▶ **THE PROBLEM**
Each line of the data must reappear exactly in your answer, with no images included.
*** Opening of RECORDS SHOWN ***
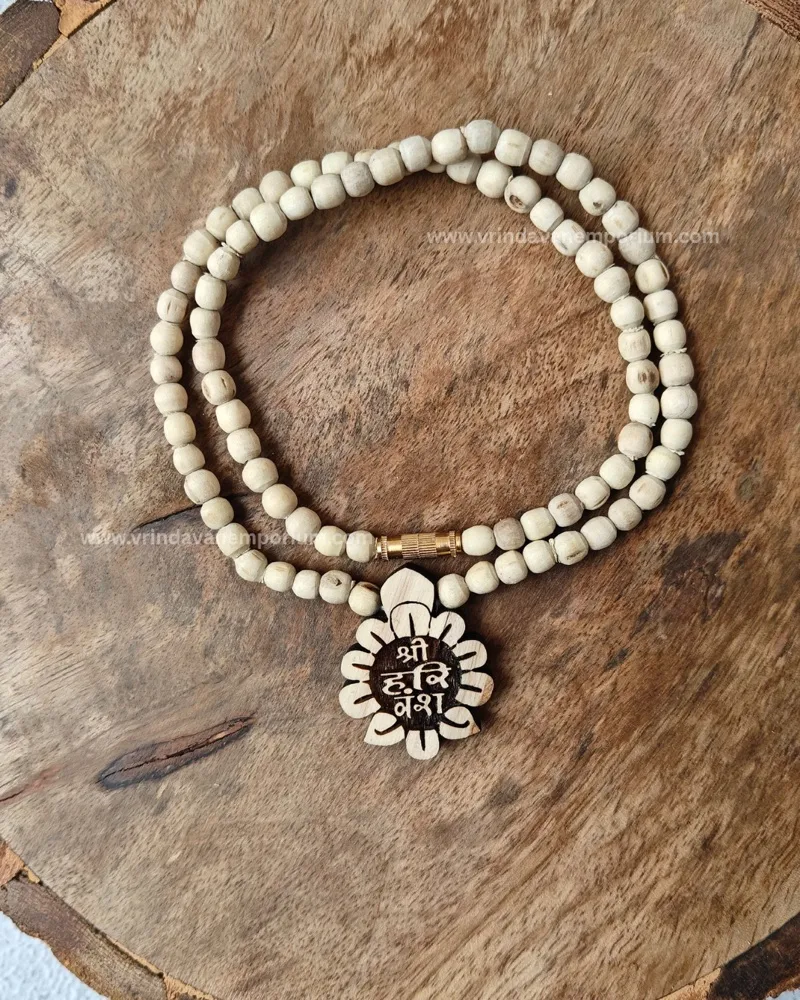 Shree Harivansh Flower shape tulsi locket mala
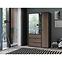 Schrank Verona 2 135 Schwarz / Nussbaum / Spiegel,3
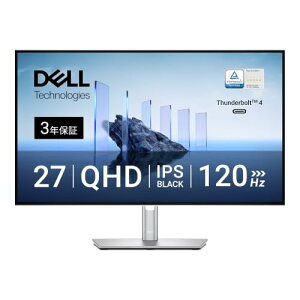 Dell U2726DER 27�C���` Thunderbolt �n�u ���j�^�[(���P�_3�N/QHD/IPS Black,�����/HDMIx1,DP1.4x1,TB4x1/�L��Ethernet/PbP,PiP,KVM/�����Z���T�[,ComfortView Plus/DCI-P3 98%/�c����],��������)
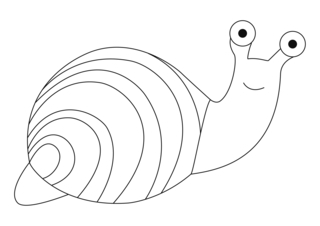 Caracol 04 - Coloreados de animales - Coloriages - 10doigts.fr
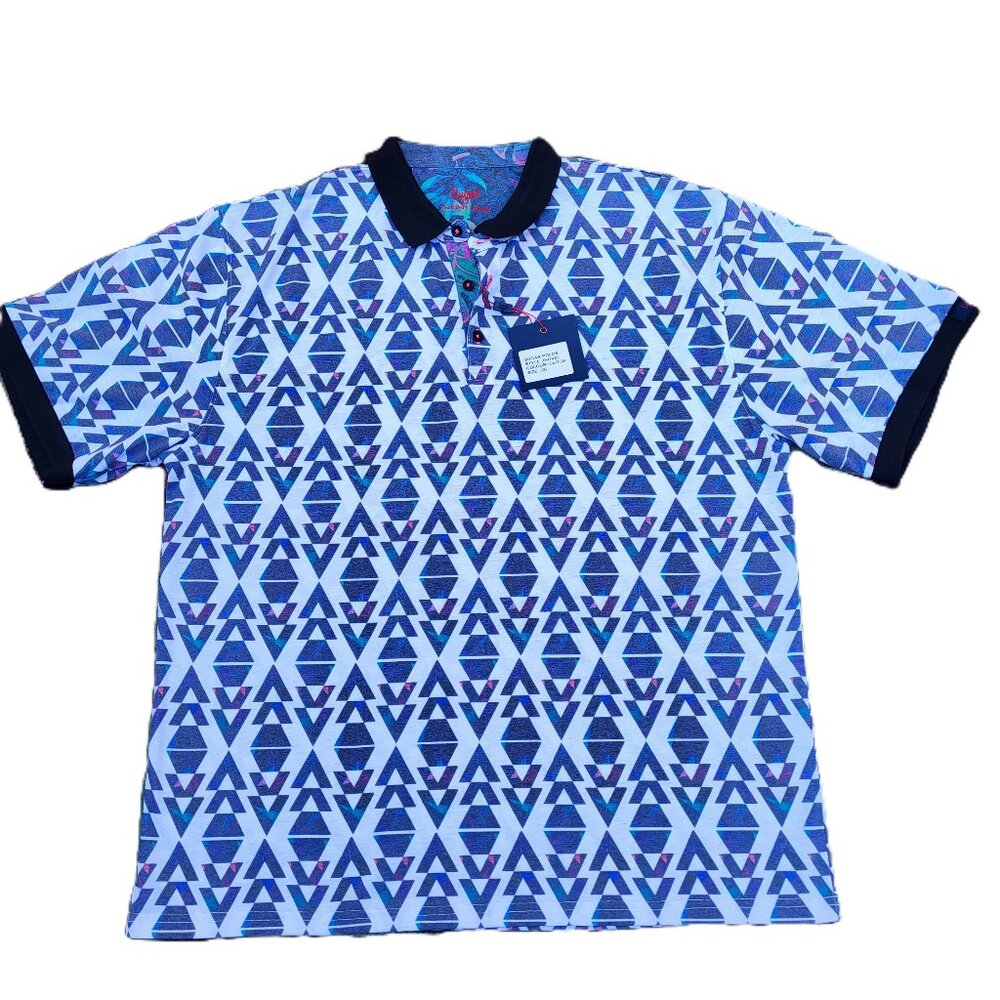 NWT Golf Shirt Aztec Pattern 3XL Size Cotton Polo Shirt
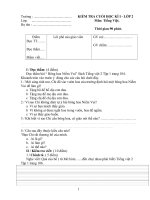 Đề kiểm tra Học kì I_Tiếng Việt lớp 2_1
*** Close of RECORDS SHOWN ***
▶ **WORKED SOLUTION**
 Shree Harivansh Flower shape tulsi locket mala
 Schrank Verona 2 135 Schwarz / Nussbaum / Spiegel,3
 Dell U2726DER 27�C���` Thunderbolt �n�u ���j�^�[(���P�_3�N/QHD/IPS Black,�����/HDMIx1,DP1.4x1,TB4x1/�L��Ethernet/PbP,PiP,KVM/�����Z���T�[,ComfortView Plus/DCI-P3 98%/�c����],��������)
 Caracol 04 - Coloreados de animales - Coloriages - 10doigts.fr
 NWT Golf Shirt Aztec Pattern 3XL Size Cotton Polo Shirt
 Đề kiểm tra Học kì I_Tiếng Việt lớp 2_1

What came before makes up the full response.